It might be argues that the process is too complex and arduous yet the ACFI process has been in place for a decade, the industry itself along with the Commonwealth routinely run education programs and provide written advice on the process. It has also been posited that the industry games the system; given that not every claim can be evaluated it might be considered worth the risk to over claim on the off chance it will slip through the net. The Commonwealth has recently ramped up the fines applicable in the case of proven fraudulent applications for funding under the ACFI how they demonstrate and separate fraud from ineptitude is a vexed question given that down grading of ACFI claims has been a long standing issue.

The industry however denies that there is widespread fraud or gaming in the most strident terms. Yet there is evidence to suggest that the industry might have form in gilding the funding application lily. In 2014 the then Assistant Minister for Social Services ceased the dementia and severe behaviours supplement brought in by the previous government providing a facility some $5840 per annum per resident as the scheme had been largely over-subscribed. Homes were invited to submit claims using a Nero-Psychiatric Inventory outlining the nature of behaviours, the severity and frequency and the impact these had on the service. It was a simple tick the box template, it was not subject to evaluation or assessment; facilities submitted the form and the money was forthcoming.
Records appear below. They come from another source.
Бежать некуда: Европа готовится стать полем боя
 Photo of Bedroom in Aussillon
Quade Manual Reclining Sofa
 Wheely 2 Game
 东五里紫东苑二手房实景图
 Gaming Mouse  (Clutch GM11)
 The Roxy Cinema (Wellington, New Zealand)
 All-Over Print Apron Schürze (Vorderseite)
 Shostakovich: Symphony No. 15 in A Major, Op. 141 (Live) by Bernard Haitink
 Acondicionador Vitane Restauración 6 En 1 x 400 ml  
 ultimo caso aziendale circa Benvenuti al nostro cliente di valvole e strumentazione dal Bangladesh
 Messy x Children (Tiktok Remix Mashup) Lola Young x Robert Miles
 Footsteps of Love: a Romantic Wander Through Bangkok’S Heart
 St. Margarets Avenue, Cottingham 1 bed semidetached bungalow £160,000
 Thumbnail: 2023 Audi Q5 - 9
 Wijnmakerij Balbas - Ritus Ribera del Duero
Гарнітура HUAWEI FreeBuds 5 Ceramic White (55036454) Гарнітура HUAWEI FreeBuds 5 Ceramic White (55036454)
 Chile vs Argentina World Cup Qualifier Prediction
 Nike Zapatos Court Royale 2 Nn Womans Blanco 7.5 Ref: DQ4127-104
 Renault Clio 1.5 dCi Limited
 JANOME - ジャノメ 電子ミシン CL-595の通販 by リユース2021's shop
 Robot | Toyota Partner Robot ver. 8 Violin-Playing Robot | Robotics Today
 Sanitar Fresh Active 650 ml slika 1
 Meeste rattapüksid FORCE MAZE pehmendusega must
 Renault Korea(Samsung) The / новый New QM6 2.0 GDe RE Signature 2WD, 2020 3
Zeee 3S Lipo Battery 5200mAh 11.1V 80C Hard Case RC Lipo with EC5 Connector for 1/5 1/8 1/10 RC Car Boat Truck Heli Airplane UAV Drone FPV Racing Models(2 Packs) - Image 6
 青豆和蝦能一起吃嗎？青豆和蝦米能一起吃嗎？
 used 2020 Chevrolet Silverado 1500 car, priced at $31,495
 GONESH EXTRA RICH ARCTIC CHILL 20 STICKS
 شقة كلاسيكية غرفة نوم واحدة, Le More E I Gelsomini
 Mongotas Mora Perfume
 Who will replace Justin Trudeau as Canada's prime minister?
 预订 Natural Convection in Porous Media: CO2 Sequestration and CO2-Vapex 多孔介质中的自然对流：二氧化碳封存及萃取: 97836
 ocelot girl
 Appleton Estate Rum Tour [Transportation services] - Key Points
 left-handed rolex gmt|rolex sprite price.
Experts estimated that some 2,000 people in residential aged care might be eligible for the funding. The industry in a very short period of time found some 25,000 people residing in their facilities who, to their way of thinking, met the criteria. The scheme was curtailed, the industry protested and claimed residents would suffer. It was suggested that application of the tool was undertaken by nursing staff not fully educated in its application. Little or no mention was made that might suggest these clinicians were subject to direct or indirect pressure from senior managers to submit as many claims as possible given the fact the claims were not audited. Yet very little scrutiny was undertaken to clarify why some facilities claimed that more than half their residents for example met the appropriate criteria. The scheme is seldom talked about these days and little or no verification of submitted claims was ever undertaken. There is also little evidence to support claims from the industry that additional funding went, for example, to provide improved staffing levels, enhanced behaviour management education or improved amenities for the resident.

The Commonwealth has initiated a comprehensive review of the ACFI; some early evidence indicates that the new pig might at best be enhanced with earrings to match its lipstick. ACFI is a flawed system open to manipulation. It is an onerous tool that fails, or has failed to account for changes in nursing practice or the rapid change in the nature of the aged care residents in recent years. If a similar funding scheme was applied to the acute sector it would grind to a halt.

ACFI has been born out of scientific management theory deriving from the early 20th Century and theorists like Frederick Winslow Taylor. It is essentially incompatible with a profession that is both rooted in medical, nursing and the social sciences as well as having a historically based vocational approach to work. There is a marked cognitive dissonance between the application of the ACFI and nursing work.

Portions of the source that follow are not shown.